(p - 1)(p - 2)(p - 3) all over p+3 multiply p² - 9 all over p² - 3p + 2

1 answer

First, factor the numerator:

(p - 1)(p - 2)(p - 3) = p³ - 6p² + 11p - 6

Then, factor the denominator:

p² - 3p + 2 = (p - 1)(p - 2)

(p + 3) cancels out from both numerator and denominator, leaving:

(p³ - 6p² + 11p - 6) ÷ (p - 1)(p - 2)

Now we can use partial fraction decomposition to separate the fraction into simpler parts:

(p³ - 6p² + 11p - 6) ÷ (p - 1)(p - 2) = A ÷ (p - 1) + B ÷ (p - 2)

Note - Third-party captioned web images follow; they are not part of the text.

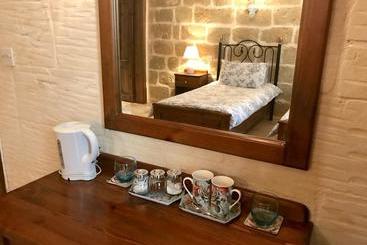 Ellie Boo Bed & Breakfast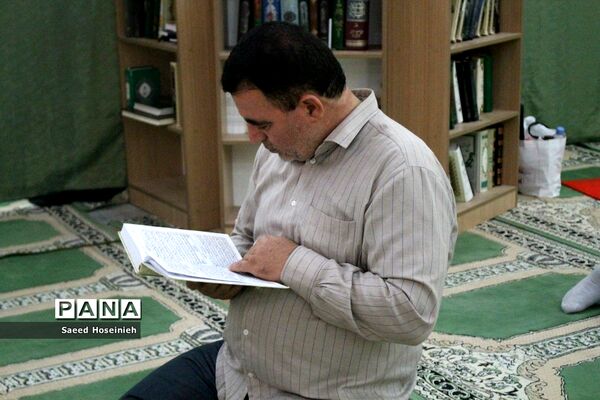 رقابت دانش‌آموزان در کنکور سراسری رشته تجربی در قم-3
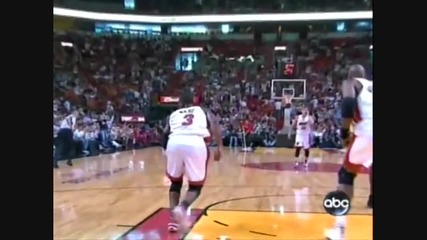 Dwyane Wade Dunks On Kobe Bryant [ Hq ]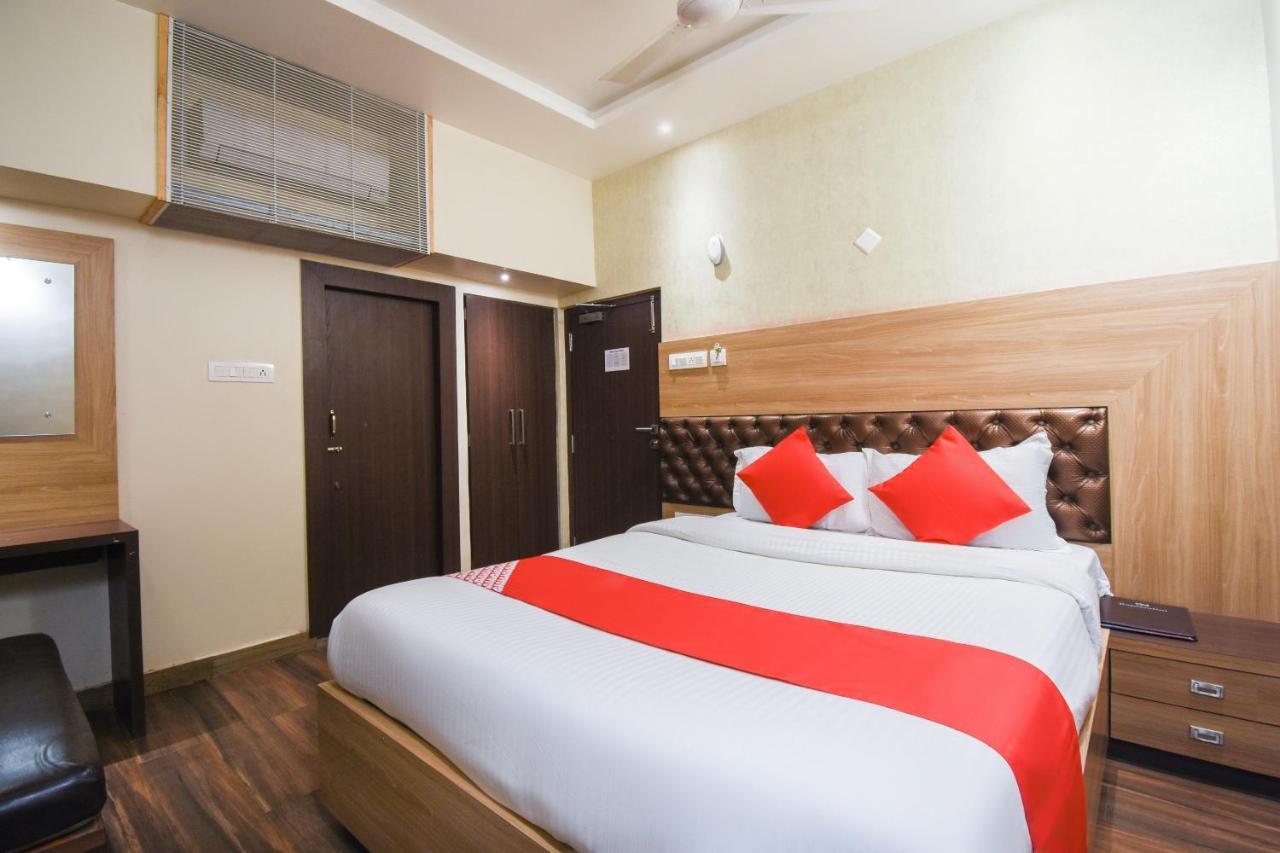 Oyo 64260 Hotel Rajnandini Habra Bagian luar foto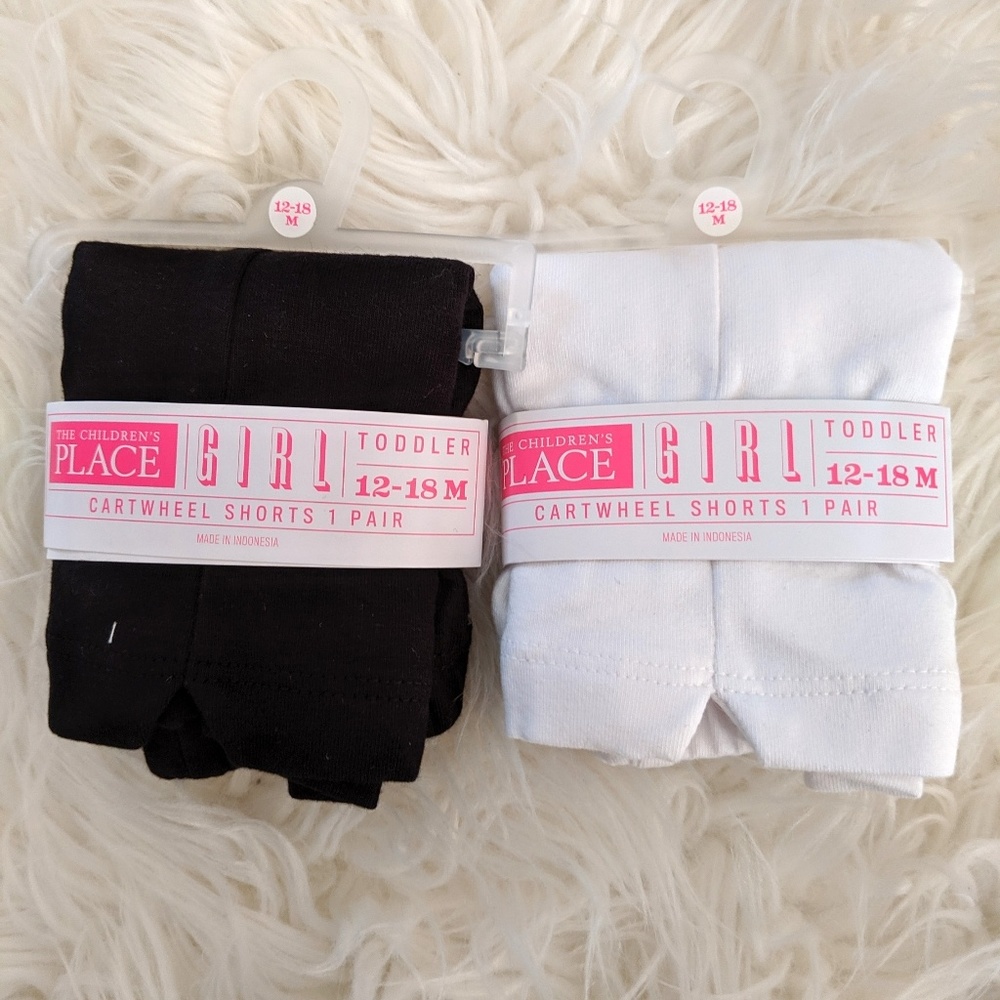 NWT 18m Girls Cartwheel Shorts Set of 2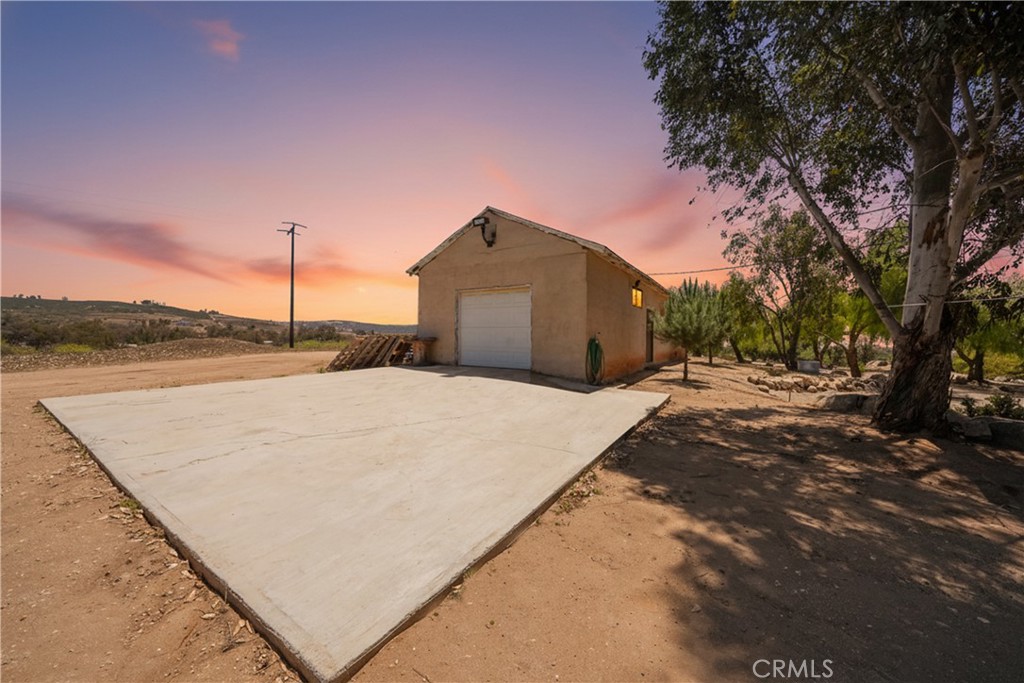 2165 Lilac Road Ramona, CA 92065 - Photo 25 of 49 a view of a backyard of a house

To solve for A and B, we can use common denominator:

A(p - 2) + B(p - 1) = p³ - 6p² + 11p - 6

Setting p = 1, we get:

A(-1) + B(0) = -4

A = 4

Setting p = 2, we get:

A(0) + B(1) = 2

B = 2

Therefore, the original fraction can be rewritten as:

4 ÷ (p - 1) + 2 ÷ (p - 2)

Simplifying, we get:

4 ÷ (p - 1) + 2 ÷ (p - 2) = (4p - 6) ÷ (p² - 3p + 2)

Finally, we can substitute this expression back into the original problem:

(p - 1)(p - 2)(p - 3) ÷ (p + 3) × (p² - 9) ÷ (p² - 3p + 2)

= (p - 1)(p - 2)(p - 3) ÷ (p + 3) × [(p - 3)(p + 3) ÷ (p - 1)(p - 2)]

= (p - 1)(p - 2)(p - 3) ÷ (p - 1)(p - 2)

= p - 3

Therefore, the final answer is p - 3.